# Your objective
Return each line of the data below exactly, omitting any pictures.

# Material for this exercise
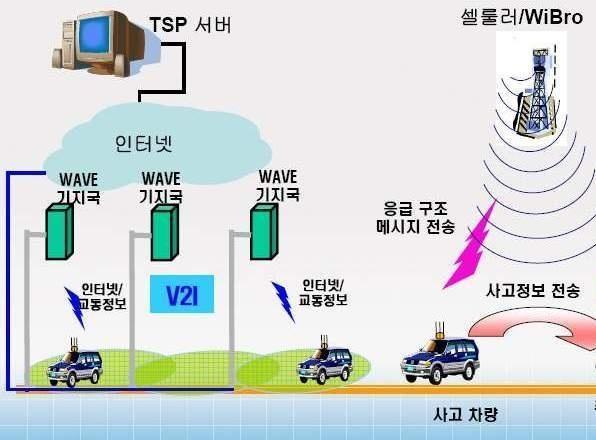 지능형자동차주요기술 V2V 통신 (Vehicle to Vehicle) V2I 통신 (Vehicle to Infra)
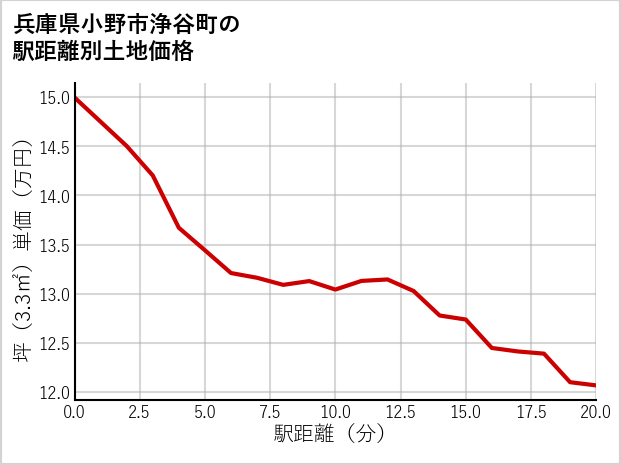 兵庫県小野市浄谷町の徒歩距離別の土地坪単価
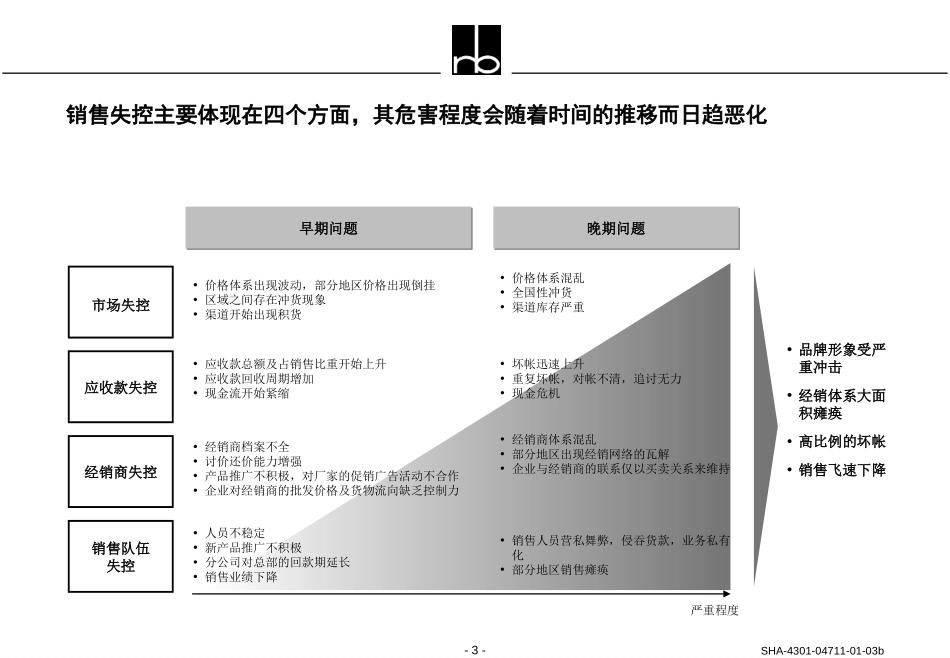 beer-5-23-b.ppt_第3页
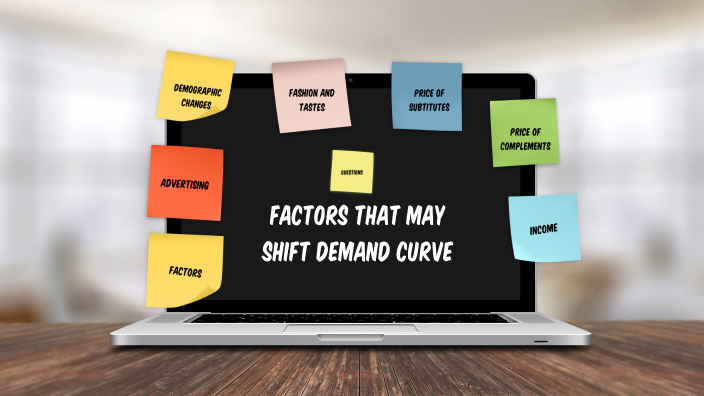 factors shifting the demand curve | explore demand... Factors that may shift the demand curve by Mr Zee on Prezi
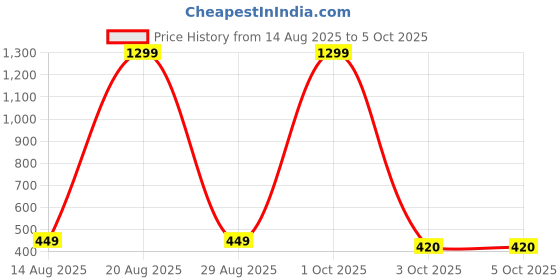 myntra.com zozoe ZozoEUnisex Multi Necklace and Chains zozoe Price History Graph from 14 Aug 2025 to 5 Oct 2025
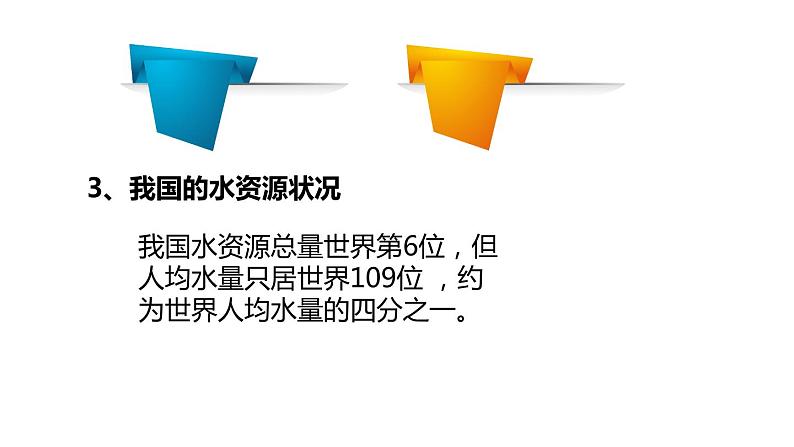 部编版九年级上化学课题4.1爱护水资源精品课件含视频素材06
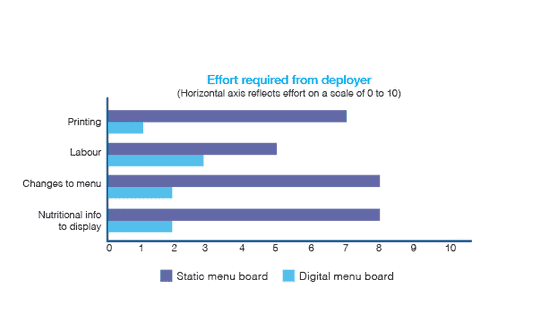 Digital Menu vs Static Menu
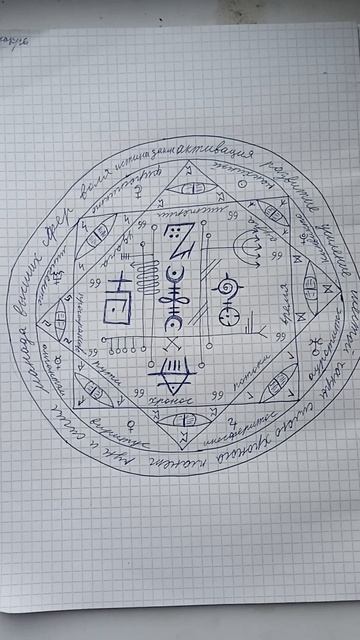 6 чакра развитие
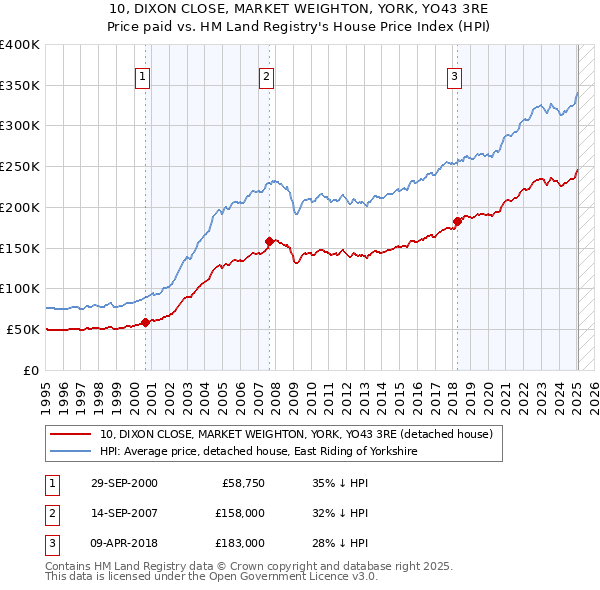 10, DIXON CLOSE, MARKET WEIGHTON, YORK, YO43 3RE: Price paid vs HM Land Registry's House Price Index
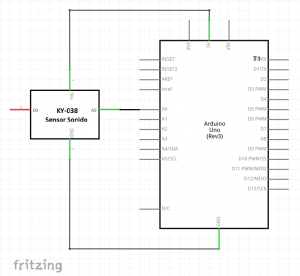 diagrama electrónico ky-038 a0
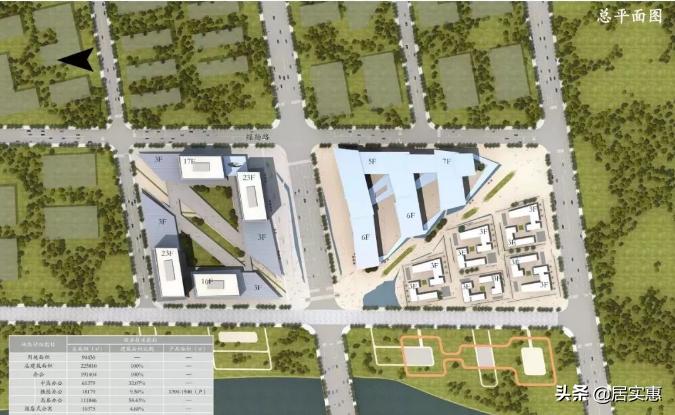 庐阳区30个重点项目蓄势待发,利好合肥最新消息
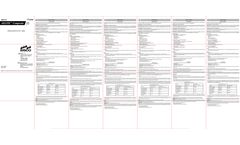 Aelite - All-Purpose Body Universal Microhybrid Composite - Brochure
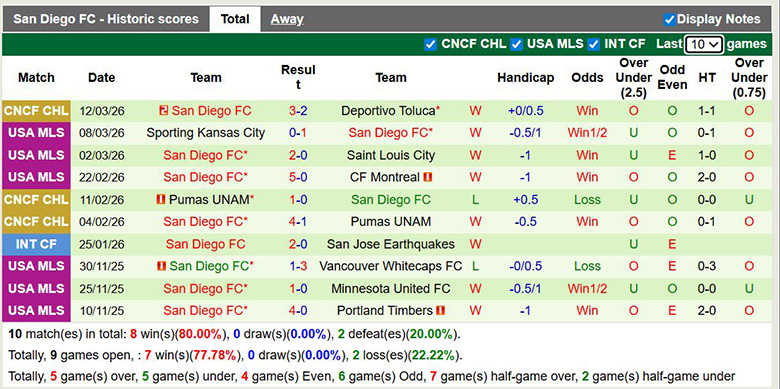 Nhận định, soi kèo Dallas vs San Diego, 7h30 ngày 15/3: Giữ ngôi đầu - Ảnh 4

# Exercise output
 지능형자동차주요기술 V2V 통신 (Vehicle to Vehicle) V2I 통신 (Vehicle to Infra)
 兵庫県小野市浄谷町の徒歩距離別の土地坪単価
 beer-5-23-b.ppt_第3页
 factors shifting the demand curve | explore demand... Factors that may shift the demand curve by Mr Zee on Prezi
 myntra.com zozoe ZozoEUnisex Multi Necklace and Chains zozoe Price History Graph from 14 Aug 2025 to 5 Oct 2025
 部编版九年级上化学课题4.1爱护水资源精品课件含视频素材06
 Digital Menu vs Static Menu
 6 чакра развитие
 10, DIXON CLOSE, MARKET WEIGHTON, YORK, YO43 3RE: Price paid vs HM Land Registry's House Price Index
 diagrama electrónico ky-038 a0
 庐阳区30个重点项目蓄势待发,利好合肥最新消息
 Aelite - All-Purpose Body Universal Microhybrid Composite - Brochure
 Nhận định, soi kèo Dallas vs San Diego, 7h30 ngày 15/3: Giữ ngôi đầu - Ảnh 4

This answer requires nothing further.